Systems for Machine Learning Workshop at NeurIPS 2018

By: Jeff Johnson


Reducing hardware overhead of neural networks for faster or lower power inference and training is an active area of research. Uniform quantization using integer multiply-add has been thoroughly investigated, which requires learning many quantization parameters, fine-tuning training or other prerequisites. Little effort is made to improve floating point relative to this baseline; it remains energy inefficient, and word size reduction yields drastic loss in needed dynamic range. We improve floating point to be more energy efficient than equivalent bit width integer hardware on a 28 nm ASIC process while retaining accuracy in 8 bits with a novel hybrid log multiply/linear add, Kulisch accumulation and tapered encodings from Gustafson’s posit format.

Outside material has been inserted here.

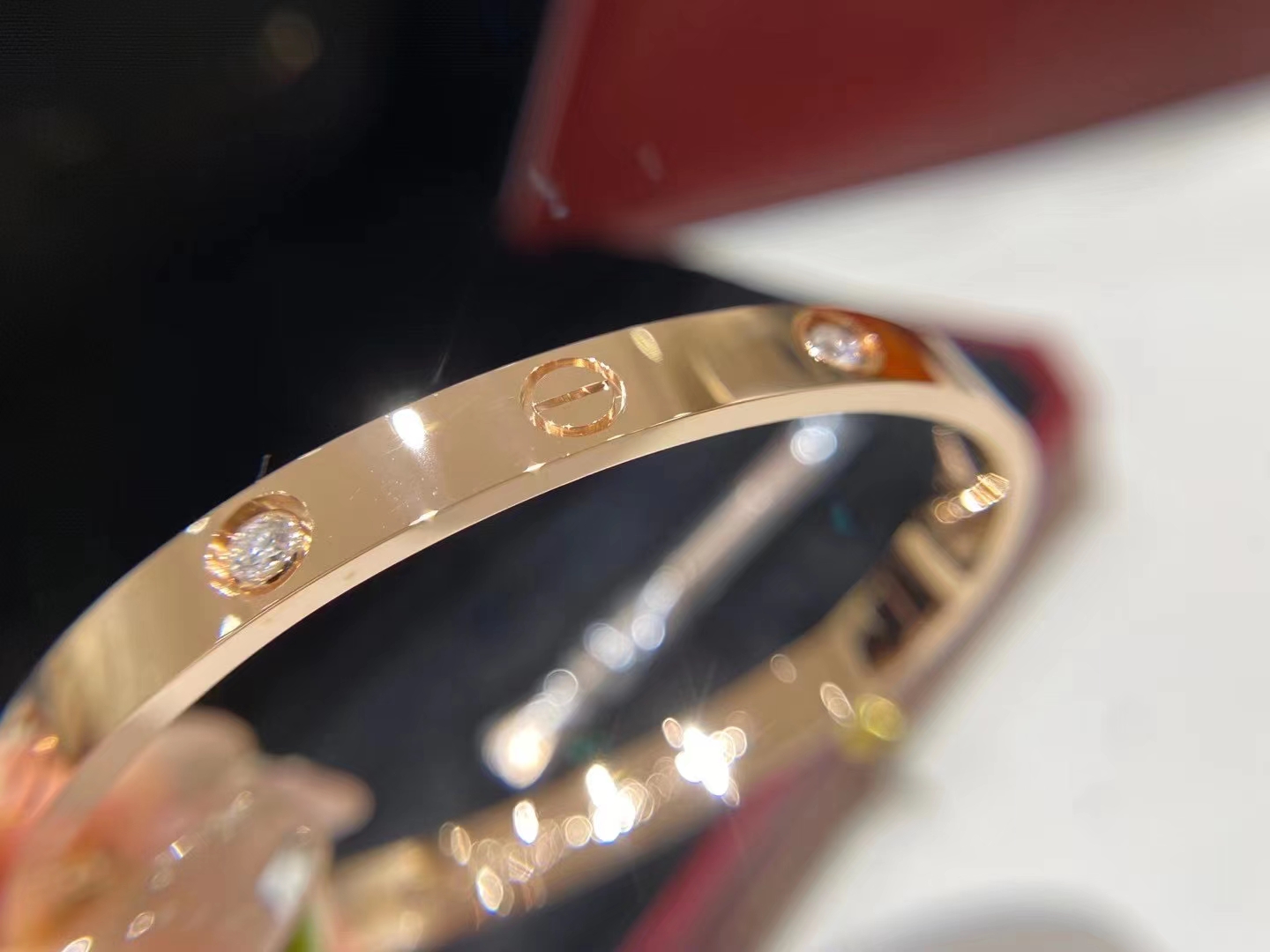 Classic Four-Diamond Couple's Bracelet - Comprehensive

With no network retraining, and drop-in replacement of all math and float32 parameters via round-to-nearest-even only, this open-sourced 8-bit log float is within 0.9% top-1 and 0.2% top-5 accuracy of the original float32 ResNet-50 CNN model on ImageNet. Unlike int8 quantization, it is still a general purpose floating point arithmetic, interpretable out-of-the-box. Our 8/38-bit log float multiply-add is synthesized and power profiled at 28 nm at 0.96× the power and 1.12× the area of 8/32-bit integer multiply-add. In 16 bits, our log float multiply-add is 0.59× the power and 0.68× the area of IEEE 754 float16 fused multiply-add, maintaining the same signficand precision and dynamic range, proving useful for training ASICs as well.